181 / 2024-03-11 17:22:27

Fluid pressure distribution and diffusion in crystalline rocks under pore pressure gradients

pore pressure distribution; permeability; fluid pressure field equations

Pore pressure has a major influence on the effective stress and thus on the mechanical behavior of rock. In particular, the perturbation of pore pressure in a reservoir changes the effective stress which may lead to microseismic activity. This may occur in conventional reservoirs, storage of CO_2, or deep geothermal energy extraction. Whereas the direct measurement of pore pressure in rocks is difficult, since its non-transparency of hiding inside rocks. Determining the pore pressure distribution and diffusion laws of inhomogeneous crystalline rocks under fluid pressure gradients requires measuring accurate pore pressure values and establishing fluid pressure field equations (FPFE).
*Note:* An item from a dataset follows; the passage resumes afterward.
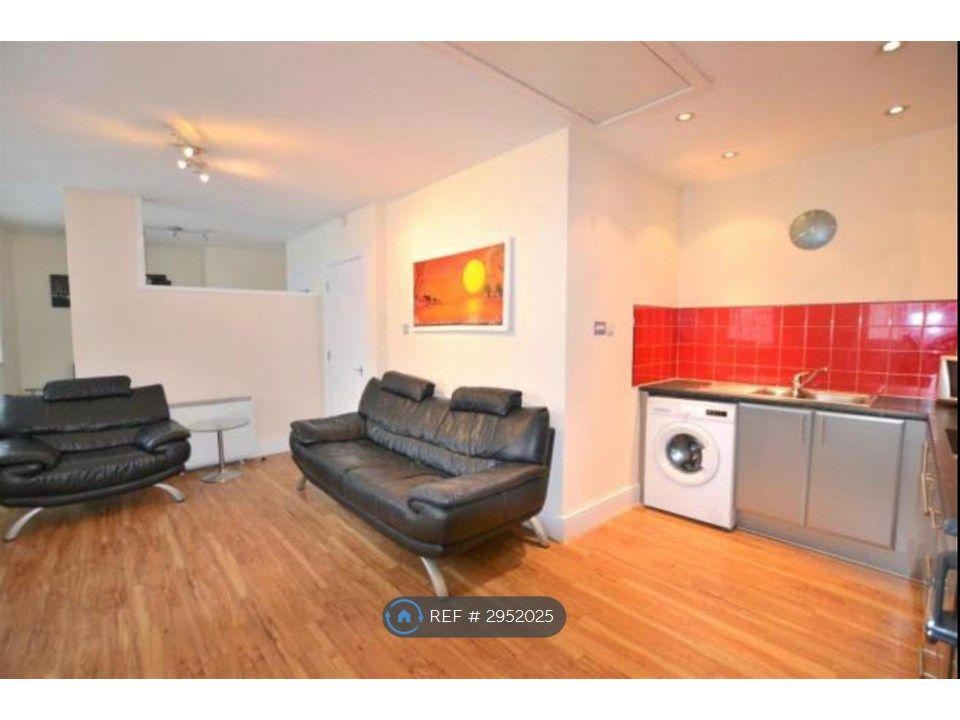 Property photo 1 of 7 Living Area/Kitchen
To solve this problem, experiments were performed on one granite sample and one basalt sample, they were heated to 650°. The variation of the permeability and stress sensitivity factor with the effective stress was first determined by the permeability experiment, and a new type of fluid pressure sensor was used in the pore pressure gradient experiment to directly measure local pore pressure values under different pore pressure differentials.
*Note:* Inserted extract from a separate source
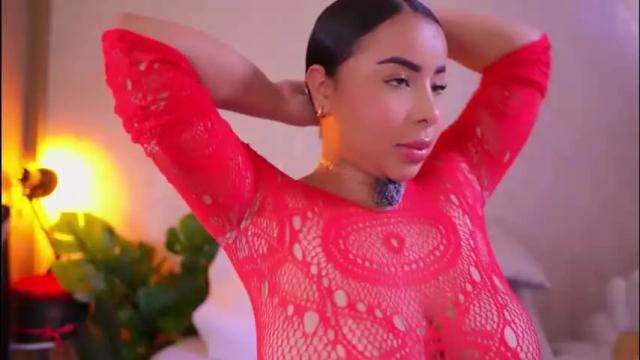 Image 6 of emiily_bell Stream on Chaturbate on 2 months ago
The measurement results show that pore pressure distribution transitions from the linear state to the non-linear state with the increase of differential pressure gradient. The exponential variation of permeability with effective stress was substituted into the diffusion equation for compressible rock, which was used to obtain FPFE according to the boundary conditions set in the pore pressure gradient experiment. FPFE was used to fit the local pressure data to derive the stress sensitivity factor as a function of the effective stress. Finally, the consistency of the relationship between the stress sensitivity coefficient and the effective stress in the permeability experiment and the pore pressure gradient experiment verified the correctness of the established FPEF.